Configure Snowflake as a target
Configure Snowflake as a target metastore using either the UI or the CLI.
We support the following tables for migration:
- Apache Orc
- Apache Parquet
- Partitioned and non-partitioned tables
- Non-transactional tables only
Disable transactional tables with the following command:
tblproperties('transactional'='false')
We support public and private Snowflake schemas.
Prerequisites
Ensure you have the following before you start:
- A Snowflake account identifier, warehouse, and stage. See the Snowflake documentation.
- A cloud storage service already configured as your target filesystem. See Configure target filesystems.
- If you choose the private key method of authentication, you'll need a private key file for Snowflake key pair authentication. The file must be stored on your Data Migrator cluster host. In this case, the Hive user requires access permissions to the private key file. See Configure system users.
- Appropriate user and role privileges to ensure Data Migrator accesses and modifies only those Snowflake target schemas required for migrations. See below for examples.
Additional information.
- See the following Snowflake Known issue.

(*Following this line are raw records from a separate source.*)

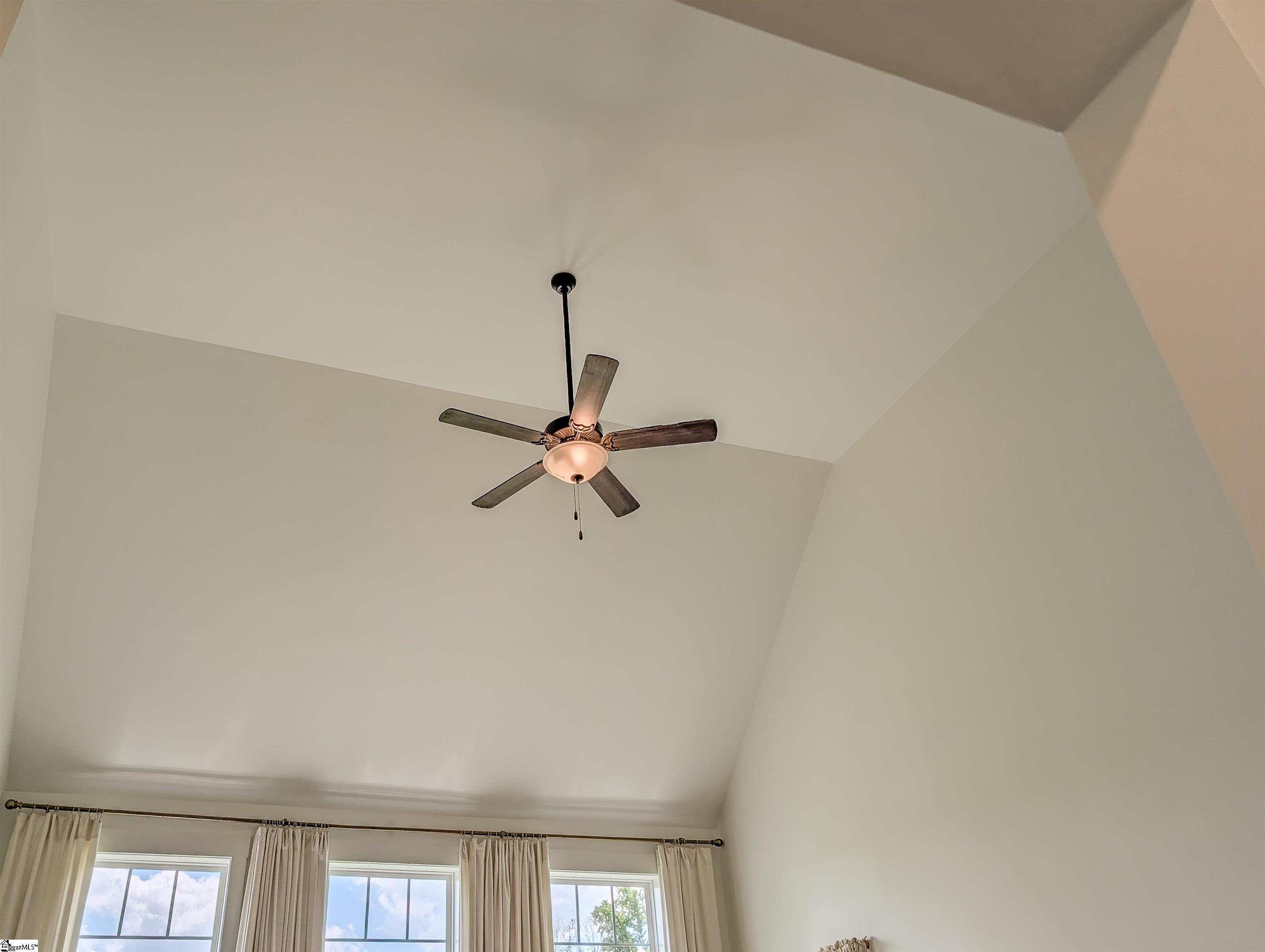 701 Oak Hill Lane Property Photo 20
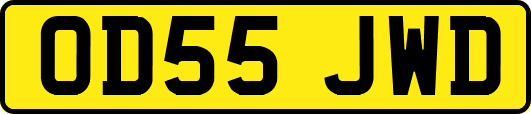 OD55JWD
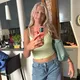 Ella S.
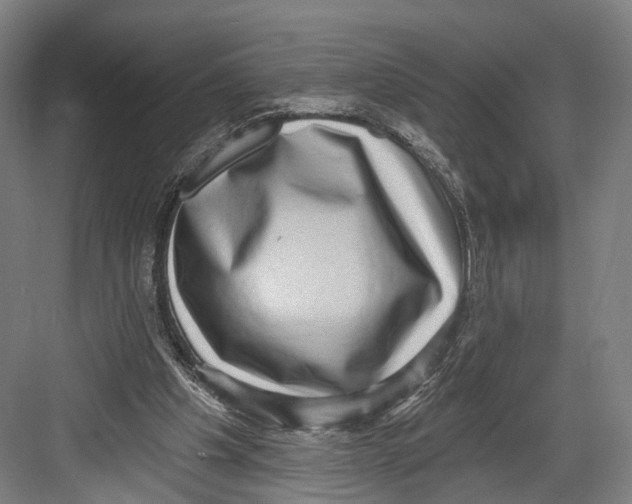 X0000082680201200702161707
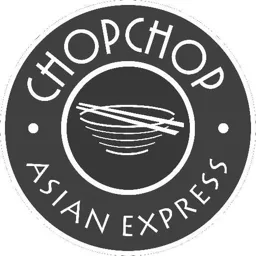 CHOPCHOP ASIAN EXPRESS – varumärke, NI-HAO AB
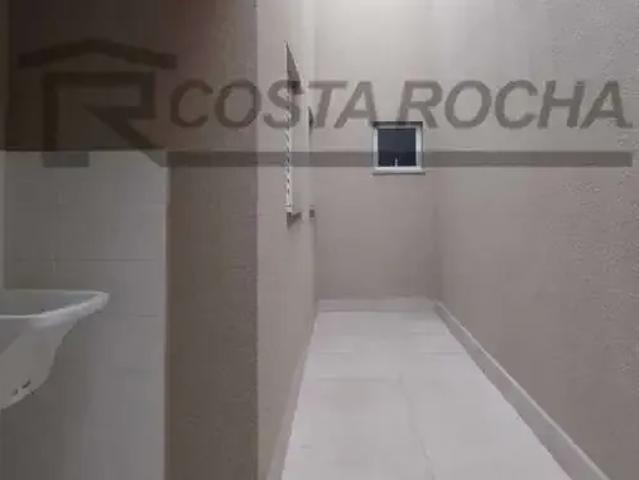 Casa / Sobrado para Venda em Indaiatuba/SP Jardim dos Sabiás 2 Quartos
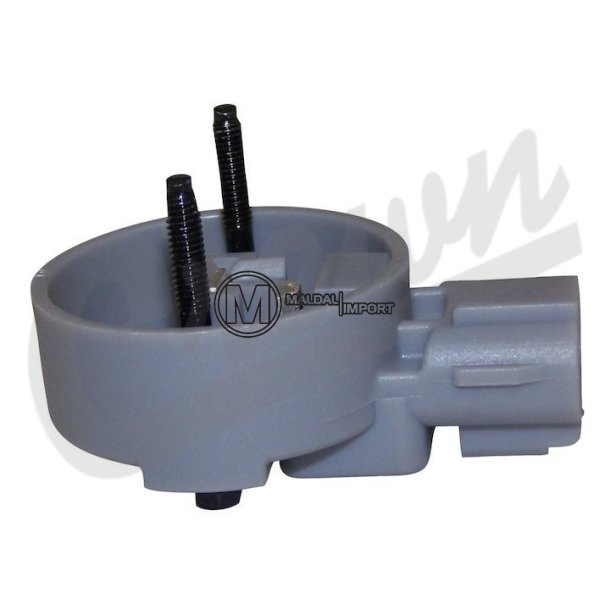 Kamsensor 4,0 99-04 XJ/TJ/WJ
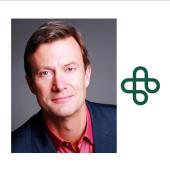 dean_johnson_and_mip_inc_logo.jpg MIP Inc. Appoints Johnson President, CEO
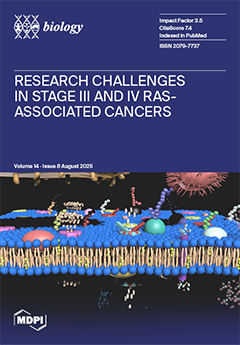 Issue Cover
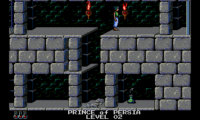 Prince of Persia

Examples of how to set up the Hive user with limited permissions on Snowflake
This example shows how you can grant permissions to access and modify specific databases and schemas in Snowflake.
USE ROLE ACCOUNTADMIN;
//Skip if warehouse already exists
CREATE WAREHOUSE "HVM_WAREHOUSE";
CREATE DATABASE "HVM_DB";
CREATE SCHEMA "HVM_DB"."HVM_SCHEMA";
CREATE ROLE "HVM_INTEGRATION";
GRANT USAGE ON WAREHOUSE "HVM_WAREHOUSE" TO ROLE "HVM_INTEGRATION";
GRANT USAGE ON DATABASE "HVM_DB" TO ROLE "HVM_INTEGRATION";
GRANT USAGE ON SCHEMA "HVM_DB"."HVM_SCHEMA" TO ROLE "HVM_INTEGRATION";
//For internal stage
GRANT READ ON STAGE "HVM_DB"."HVM_SCHEMA".HVM_STAGE TO ROLE "HVM_INTEGRATION";
//For external stage
GRANT USAGE ON STAGE in "HVM_DB"."HVM_SCHEMA" TO ROLE "HVM_INTEGRATION";
GRANT CREATE STAGE ON SCHEMA "HVM_DB"."HVM_SCHEMA" TO ROLE "HVM_INTEGRATION";
GRANT CREATE INTEGRATION ON ACCOUNT TO ROLE "HVM_INTEGRATION";
//There is no FUTURE grants support for databases, thus migration of databases requires ACCOUNTADMIN role
//If limited list of databases going to be migrated with HVM, databases can be created manually by admin or admin can
//grant ACCOUNTADMIN role to the HVM_USER for short period of time to migrate databases only (use particular HVM migration rule)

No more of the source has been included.